(Assignment): Copy down every line of the data that follows exactly. Omit the pictures.

(Data block):

::::::

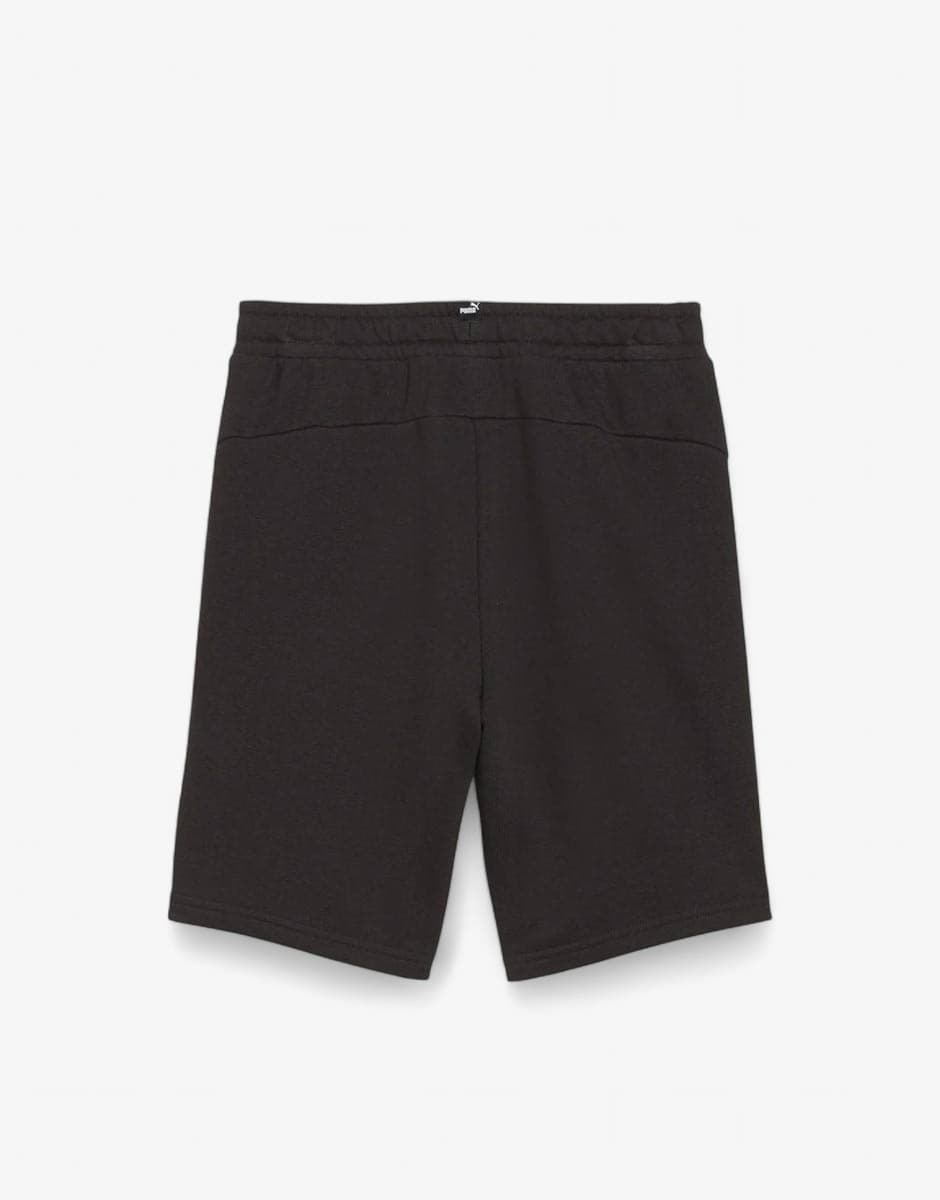 PUMA Essentials+ 2 Color Logo Shorts Black/Yellow — view 4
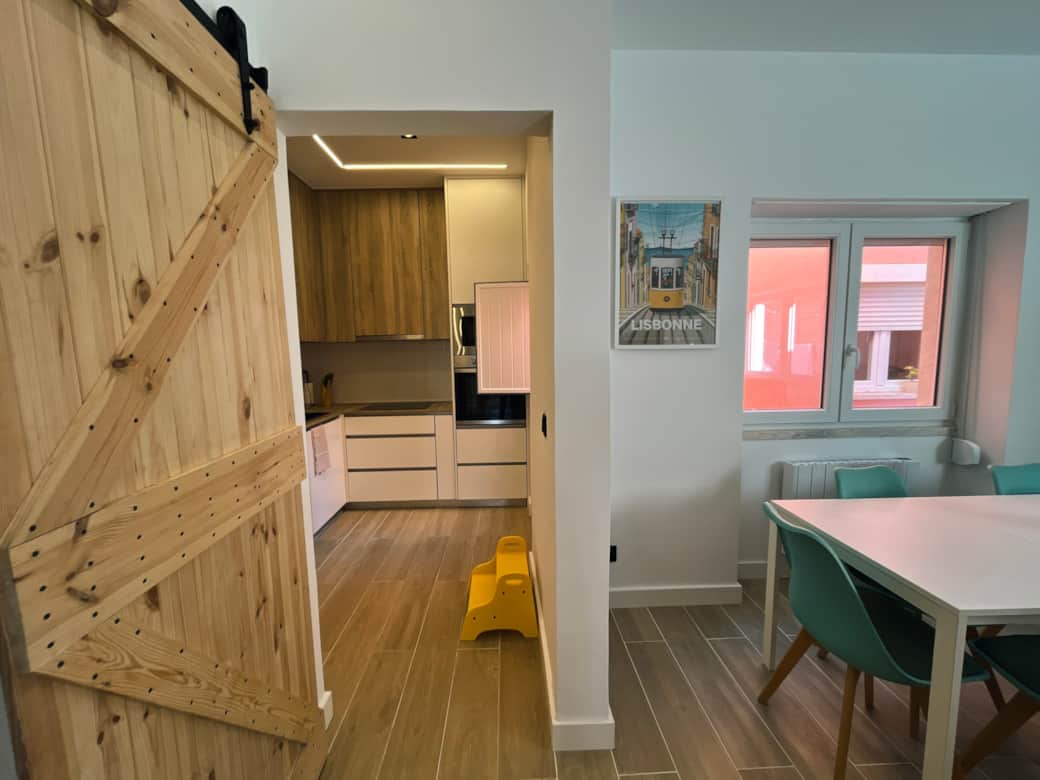 Living room - kitchen and dining table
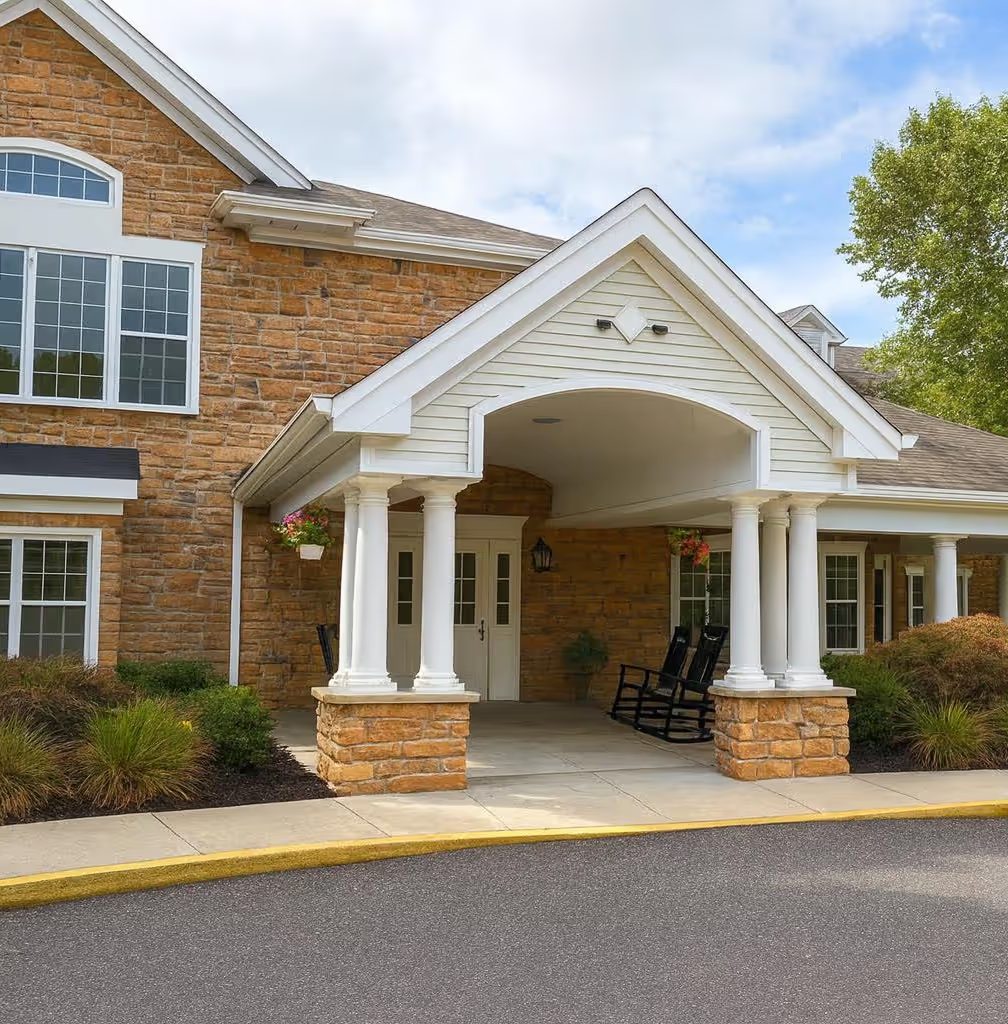 The front entrance of Spring Home at Galloway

::::::

(Answer section):
 PUMA Essentials+ 2 Color Logo Shorts Black/Yellow — view 4
 Living room - kitchen and dining table
 The front entrance of Spring Home at Galloway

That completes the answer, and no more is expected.